Other published comparisons of stiffness (or strength) show increases up to 600% when cohesionless soils, such as gravels, are compacted to high densities (Howard 2006). In the American Concrete Pipe Association (ACPA) Design Data No. 9, the bedding factor for concrete pipe more than doubles when the gravel density goes from uncompacted to 95 percent compaction. In effect, this doubles the allowable backfill height over the pipe (ACPA 2013).


The installation design for buried pipe is often based on achieving a high level of soil support. That support depends on the embedment soil being properly compacted. Misconceptions about soil compaction may prevent attaining the necessary pipe support. A new buried pipeline is an investment in our future. That future should be protected by proper installation.
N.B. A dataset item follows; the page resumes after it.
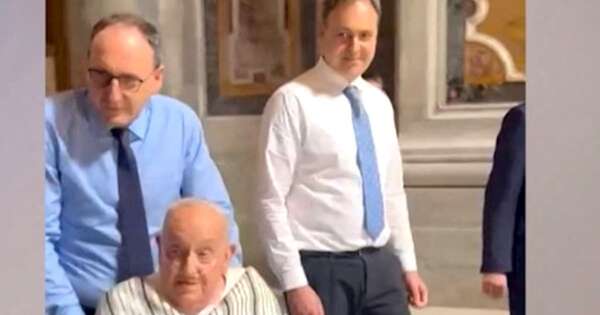 La Nación / El papa aparece en público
NOTES: Raining cohesionless soils (pluviation) in a laboratory testing is sometimes used to create high densities for research projects. Dumping gravel into a trench, however, is not the same as in a laboratory. In the laboratory, individual soil particles fall vertically without interference onto other particles resting on the surface and the resulting impact results in compaction. This is not the case in the field. Particles that are dumped into place ride, slide, and collide reducing the compaction. Dumped gravel typically impacts the pipe and the trench walls in addition to particles hitting each other. Consequently, the resulting density is substantially reduced.

Self Consolidating Concrete (SCC) is sometimes referred to as self compacting concrete. Self consolidating concrete is an acceptable and valid term for using superplasticisers and stabilisers in a concrete mix to significantly increase the fluidity. SCC does not require vibration. It fills the formwork by means of its own weight without any segregation of the coarse aggregate or void around reinforcement.


  1. ASTM D 4253 Test Methods for Maximum Index Density and Unit Weight of Soils Using a Vibratory Table
  2. ASTM D 4254 Test Methods for Minimum Index Density of Soils and Calculation of Relative Density
  3. ASTM D 7382 Test Method for Dry Density of Granular Soils Using a Vibratory Hammer
  4. ACPA (2013) Standard Installation and Bedding Factors for the Indirect Design Method, Design Data No. 9, American Concrete Pipe Association
  5. Gemperline, M.C. and E. Gemperline (2011) Large Scale Constrained Modulus Test Procedure, ASCE Conference Pipelines 2011, Seattle WA
  6. Howard, Amster (2006) The Reclamation E-Table, 25 Years Later, Plastics Pipes Symposium XIII, Wash DC
  7. Howard, Amster (2015), Pipeline Installation 2.0, Relativity Publishing

Amster Howard is a civil engineering consultant from Lakewood CO. This article is based on an excerpt from his book Pipeline Installation 2.0.